■ **WHAT TO PRODUCE**
Below is a listing with pictures in it; transcribe exactly the lines from the one that has "112 S Hillside Avenue, Nesconset, NY 11767" through the one that has "2 BR/1BA, Section", and omit those pictures.

■ **DATA RECORDS**
◆ ◆ ◆ ◆

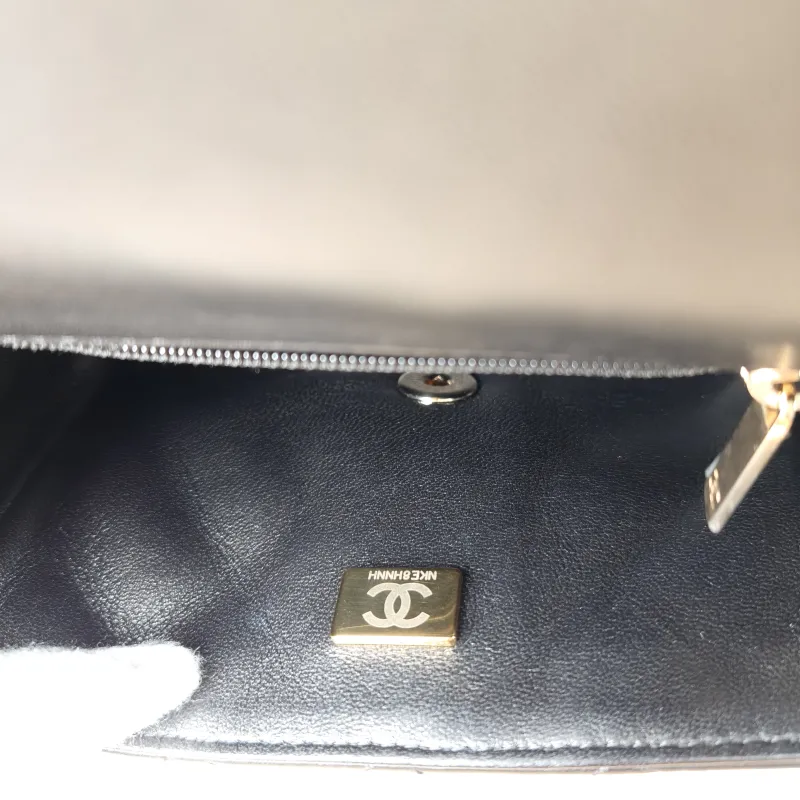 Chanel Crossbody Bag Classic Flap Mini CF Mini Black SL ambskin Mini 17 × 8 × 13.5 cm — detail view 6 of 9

◆ ◆ ◆ ◆

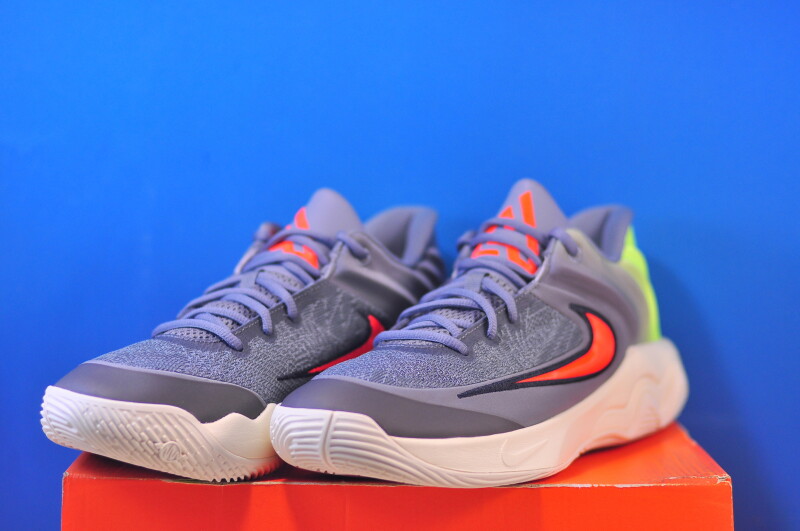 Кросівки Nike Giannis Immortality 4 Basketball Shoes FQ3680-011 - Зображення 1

◆ ◆ ◆ ◆

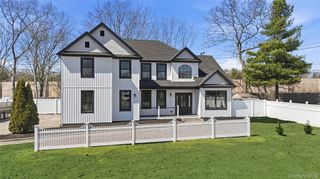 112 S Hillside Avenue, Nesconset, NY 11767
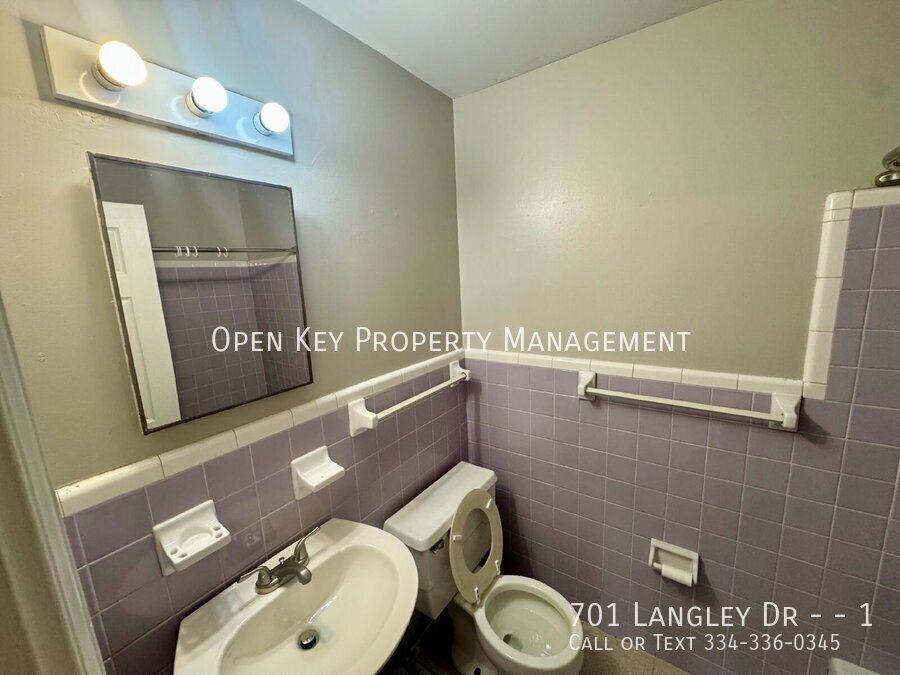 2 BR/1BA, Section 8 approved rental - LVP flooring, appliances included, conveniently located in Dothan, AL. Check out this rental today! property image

◆ ◆ ◆ ◆

■ **ANSWER SPACE**
 112 S Hillside Avenue, Nesconset, NY 11767
 2 BR/1BA, Section 8 approved rental - LVP flooring, appliances included, conveniently located in Dothan, AL. Check out this rental today! property image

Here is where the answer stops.